European Court Rules Against GMO Ban

The European Court of Justice ruled that member state governments cannot ban the cultivation of genetically engineered crops in the absence of scientific evidence that they are a human health risk. American Soybean Association President Ron Moore said the ruling is a comforting one from a scientific standpoint. “The Court’s decision reverses what the EU calls the ‘precautionary principle,’ their long-standing default argument that without proof that a product is unsafe, unverified concerns about safety are sufficient to ban either importation or cultivation,” says Moore. “Over the past 20 years, this unscientific approach has led to a patchwork of unscientific restrictions on EU imports and cultivation of biotech crops by member states.” Those restrictions or prohibitions were put in place in spite of the products being approved by the European Food Safety Authority, as well as numerous other food safety and global health agencies. Moore said the Soybean Association is happy with the ruling and hopeful it will lead to similar science-based stances on genetic engineering in Europe during the years ahead.

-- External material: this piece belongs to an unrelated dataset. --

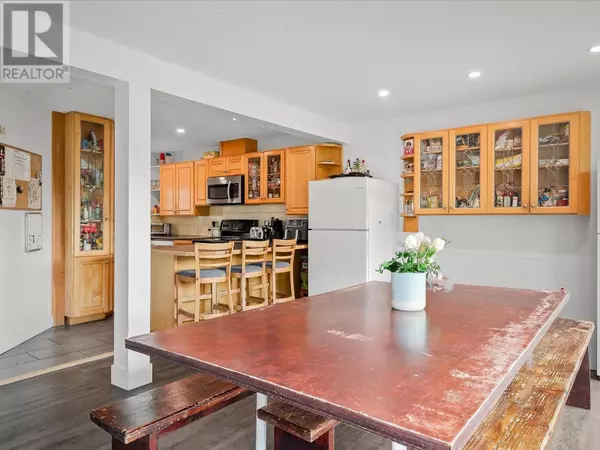 Whistler, BC V0N1B2,2322 CAYLEY Close #47
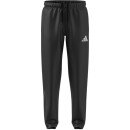 ENTRADA 26 Präsentationshose BLACK/WHITE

Plant-Based Food Sales Up 8 Percent from 2016

The Plant-Based Foods Association and the Good Food Institute released data this week showing that the total market for plant-based food sales is over $3.1 billion. The data shows the growth in plant-based food sales at 8.1 percent over last year. Plant-based dairy alternatives are a fast-growing segment, with 20 percent growth and topping $700 million in sales over the past year. The category excludes milks but does include cheese, yogurts, and ice cream. Yogurt sales jumped 56 percent over last year. The plant-based milk category sales are up 3.1 percent from 2016. Over the same period, Nielsen Research, which did the study, shows cow milk sales down 5 percent. The findings come as a bill sits before Congress which would prohibit plant-based food marketers and manufacturers from using words like “milk,” “cheese,” or “yogurt,” even with the appropriate modifiers like “soy,” “almond,’ and “dairy-free.” The Nielsen Research data even showed that the plant-based meat sector grew by six percent over last year. Bruce Friedrich, Good Food Institute Executive Director, calls it a revolution that’s taking place in the plant-based meat space.

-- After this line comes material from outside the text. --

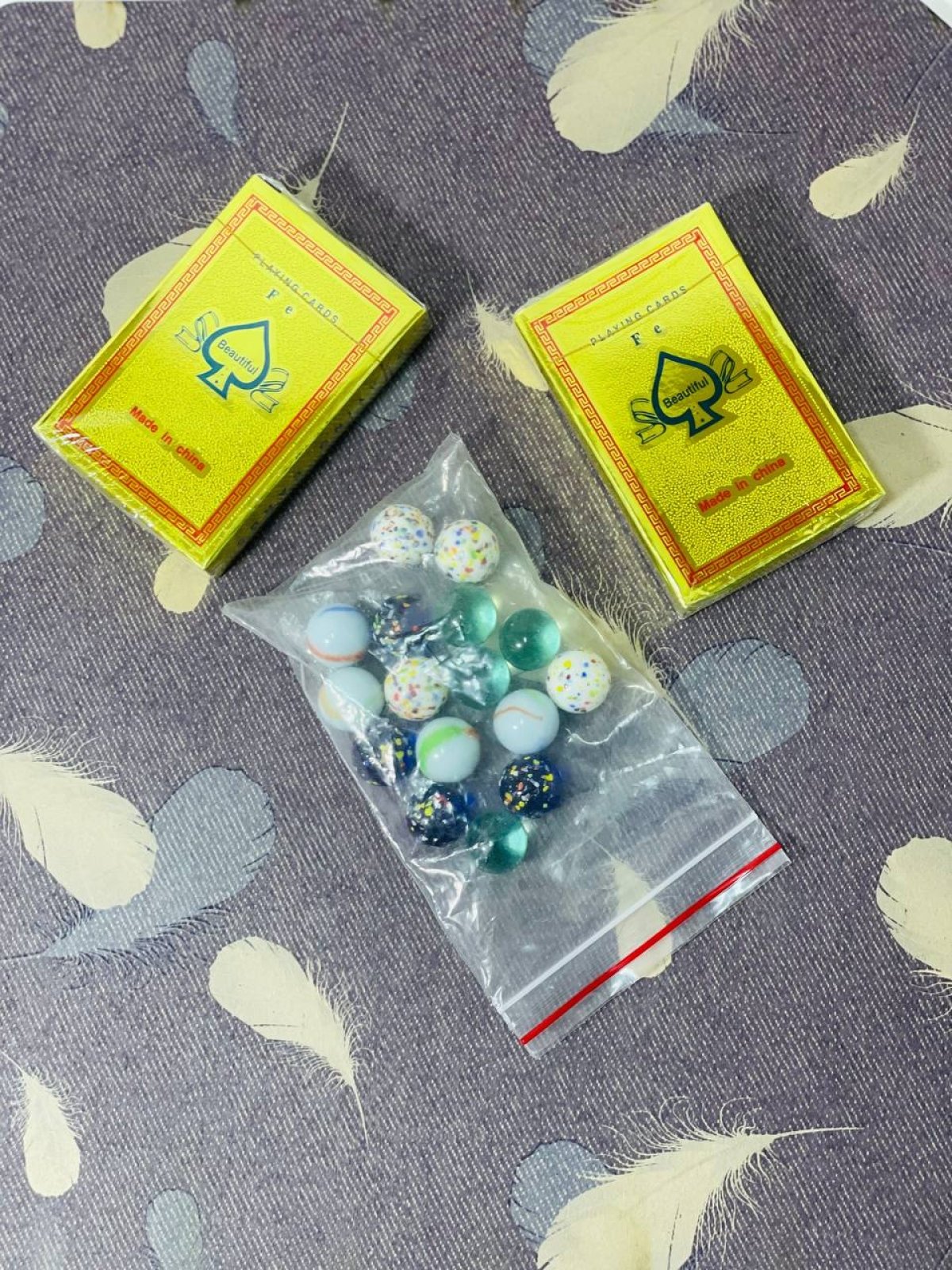 https://allseasons.shoman.net/uploads/products/t/s-p-2726-p-13604.jpg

Higher Ag Exports in 2017 and a Trade Surplus Next Year

A U.S. Department of Agriculture report says the value of farm exports will push higher in 2017, coming on the heels of two straight years of lower numbers for farm goods. The forecast from USDA says fiscal year 2017 will see exports valued at just shy of $140 billion, up $10 billion from last year. That would break the two-year trend of steadily falling export values. The USDA also says the U.S. will see an agricultural trade surplus this year of $23 billion, thanks to stronger exports and more modest increases in imports. The USDA says the increase reflects stronger economic conditions around the world. It’s also coming about because of the lower value of the U.S. dollar, which means foreign buyers get a much better deal in purchasing American agricultural products. USDA has also released a preliminary forecast for 2018 exports, which they say will come in at $139 billion, slightly lower than predictions for this year.